Another cell population that may play a role in GVT induction is dendritic cells (DCs). Both host and donor DCs can modulate alloreactivity and whereas residual host DCs appear to be important for GVHD induction, the role of DCs in GVT induction has been controversial and not well defined.6
In addition to direct and indirect cell-mediated GVT responses, antibody-mediated responses likely contribute to GVT induction, at least in some cases.3 Antibodies have been identified against several tumor targets such as CML, myeloma, and acute myelogenous leukemia (AML) cells after transplantation and/or DLIs. The mechanism of antibody-induced GVT activity is likely complicated. Antibodies can mediate both complement-mediated cytotoxicity and antibody-dependent cellular cytotoxicity, may facilitate antigen presentation or T-cell responses, or could be directed against cytokines and other molecules important for the activation or inhibition of GVT activity. B-cell reconstitution and survival are also dependent on and can be affected by the presence of the proper cytokine environment (such as expression of B-cell activating factor or BAFF).
It is clear that GVT induction is likely influenced not just by tumor type and antigen expression, but also by a complex interaction of suppressive and activating cytokines, multiple effector cells, and antibodies.

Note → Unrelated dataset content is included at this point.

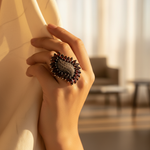 Load image into Gallery viewer, Garnet & Marcasite Ring | 925 Sterling Silver | For Women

In addition, the effector mechanisms for GVT induction may be different depending on the specific transplantation conditions, such as T-cell depletion and conditioning regimen intensity, and maximizing clinical activity will likely require a multifaceted approach.
RIC allogeneic SCT
The development of RIC allogeneic SCT has been one of the most important advances in the field. This modality relies less on conditioning regimen intensity and more on the GVT effects of the donor graft. In some cases, outcomes after RIC SCT appear similar to outcomes after conventional allogeneic SCT, in part because the lower mortality rate from conditioning regimen toxicity is offset by a higher risk of relapse.7,8 Among other important issues, this implies that dose intensity still has a role in disease eradication and cannot be eliminated in some cases. Dose intensity may be particularly important in patients with rapidly progressive diseases and large tumor burdens, and less important for patients with indolent diseases and lower tumor burdens.9
Numerous RIC regimens of varying intensity continue to be developed in an effort to minimize the toxicity of transplantation while attempting to maximize GVT activity, and outcomes with different regimens have been reviewed elsewhere.10 The role of in vitro or in vivo T-cell depletion with RIC SCT is not well defined, and may lead to higher relapse rates, but outcomes may be dependent in part on the extent and timing of T-cell depletion.11
Treatment of relapse after RIC allogeneic SCT is similar to approaches for relapse after conventional SCT. It is not clear if patients are more or less responsive to GVT induction for relapse after RIC; it is possible that patients who relapse early may not have had time to benefit from the GVT effects of RIC allogeneic SCT and may be more likely to respond to withdrawal of immunosuppression or DLI. Alternatively, relapse, particularly late after RIC allogeneic SCT, may select for patients not responsive to GVT induction, and alternative strategies for these patients need to be considered. It is also possible that relapsed disease may be more responsive to conventional cytotoxic therapies after a RIC allogeneic SCT compared with diseases exposed to myeloablative doses of chemotherapy. Therefore, there may be different (or more) options for conventional therapy, alone or in combination with cellular therapy, for relapse after RIC SCT. Regardless, mortality is quite high in all cases of relapse after RIC transplantation, although patients given therapy seem to have better outcomes than patients who receive no intervention12 and limited data suggest that response rates to DLI after RIC allogeneic SCT are similar to those after conventional SCT.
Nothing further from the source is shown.